╭──

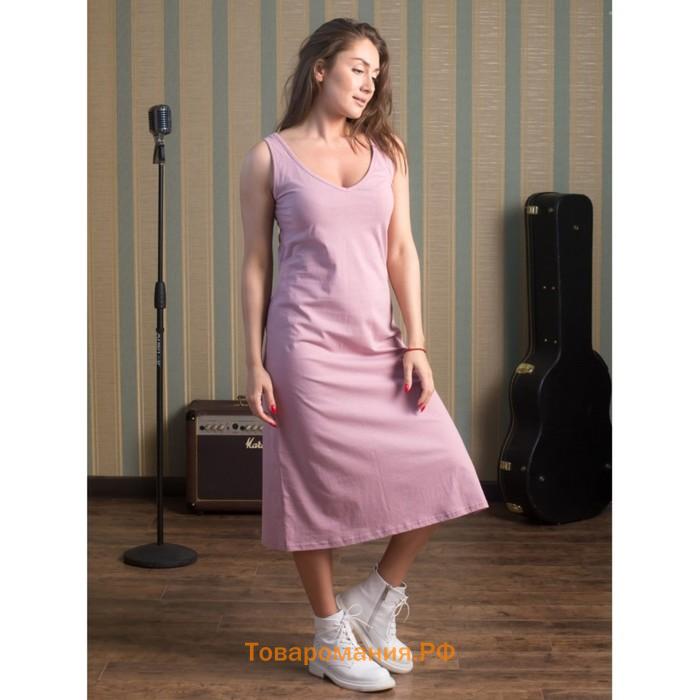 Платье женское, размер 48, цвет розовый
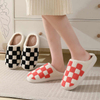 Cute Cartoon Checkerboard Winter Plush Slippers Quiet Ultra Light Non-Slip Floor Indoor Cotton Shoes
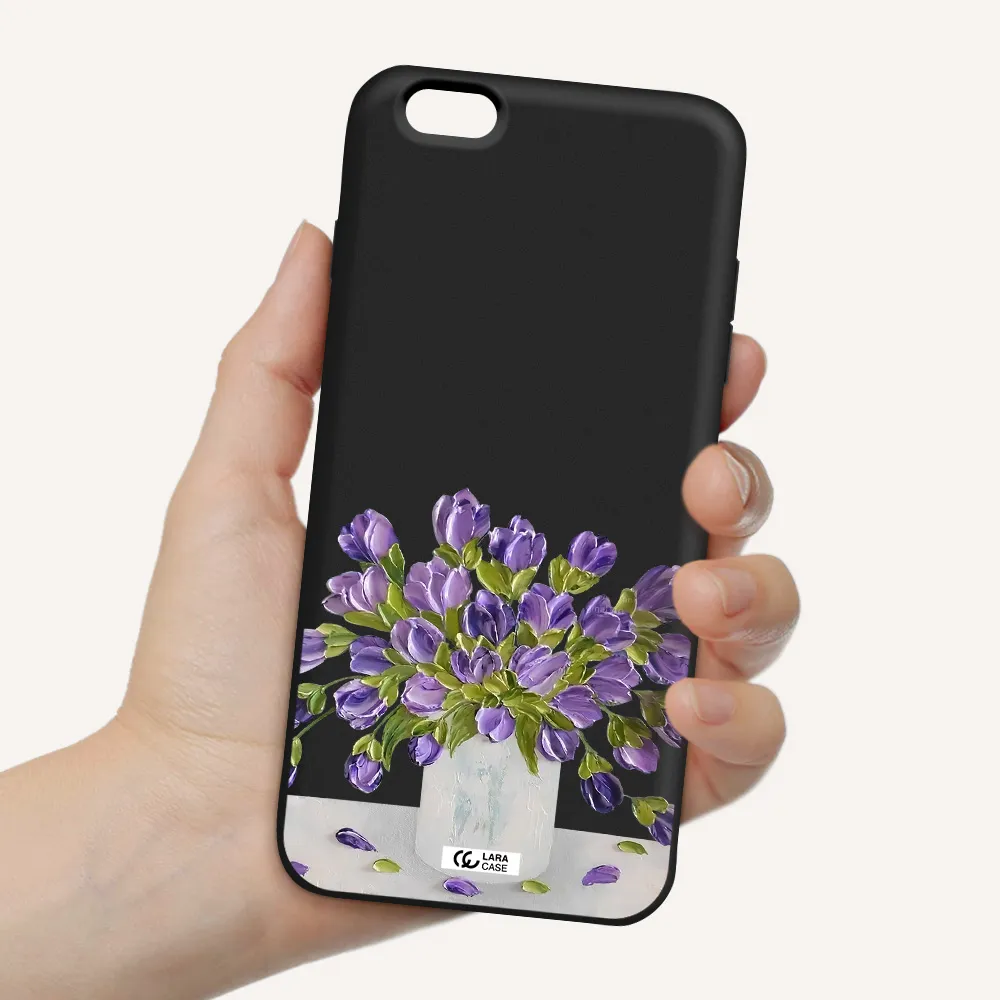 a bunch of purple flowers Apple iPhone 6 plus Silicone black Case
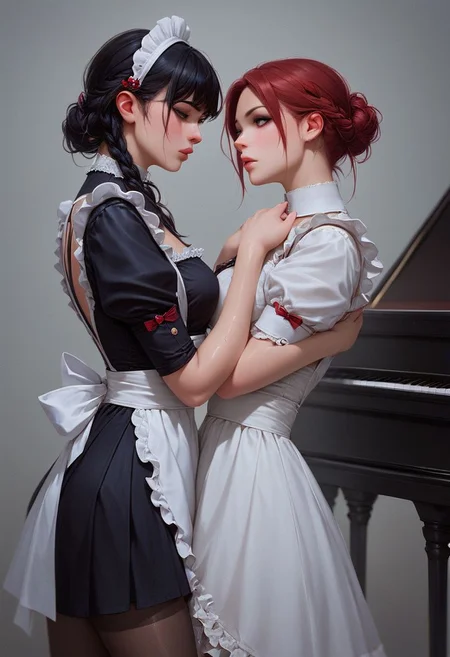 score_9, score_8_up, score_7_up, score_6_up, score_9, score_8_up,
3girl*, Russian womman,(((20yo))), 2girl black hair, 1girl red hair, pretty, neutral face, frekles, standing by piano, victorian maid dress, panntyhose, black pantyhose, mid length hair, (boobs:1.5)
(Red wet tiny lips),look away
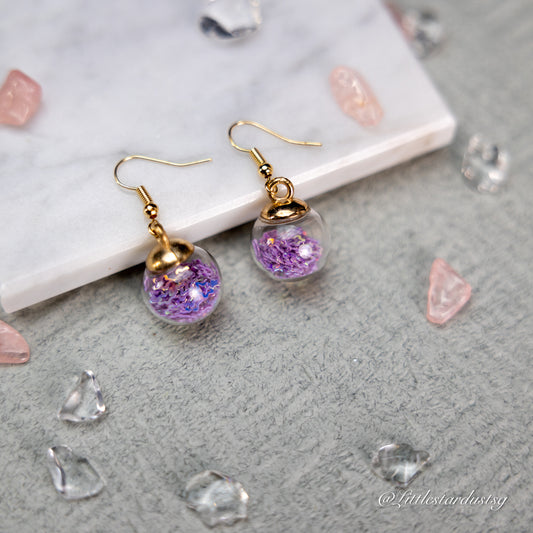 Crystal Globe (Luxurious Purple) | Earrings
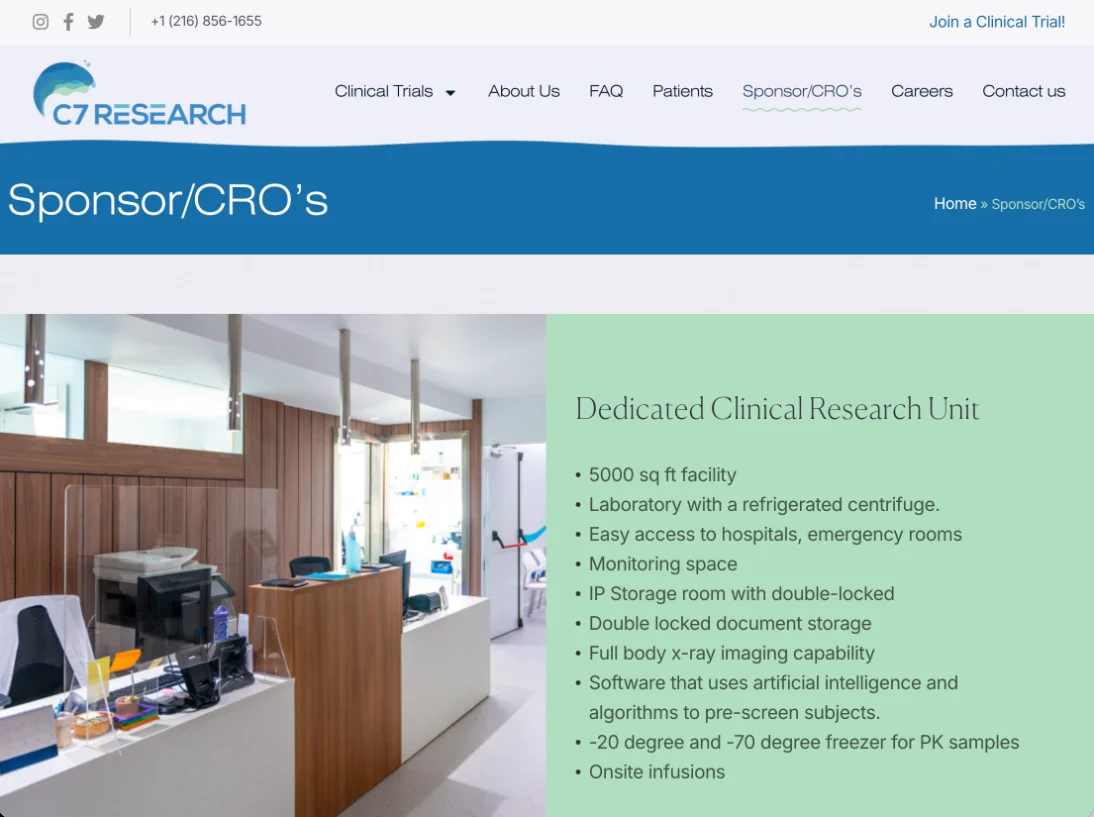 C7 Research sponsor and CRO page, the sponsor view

╰──

## Try it
Above are some records; quote exactly and only the lines that begin at the line containing "Cute Cartoon Checkerboard" and stop after the line containing "(Red wet tiny lips),look away", leaving out the pictures.

## Result
 Cute Cartoon Checkerboard Winter Plush Slippers Quiet Ultra Light Non-Slip Floor Indoor Cotton Shoes
 a bunch of purple flowers Apple iPhone 6 plus Silicone black Case
 score_9, score_8_up, score_7_up, score_6_up, score_9, score_8_up,
3girl*, Russian womman,(((20yo))), 2girl black hair, 1girl red hair, pretty, neutral face, frekles, standing by piano, victorian maid dress, panntyhose, black pantyhose, mid length hair, (boobs:1.5)
(Red wet tiny lips),look away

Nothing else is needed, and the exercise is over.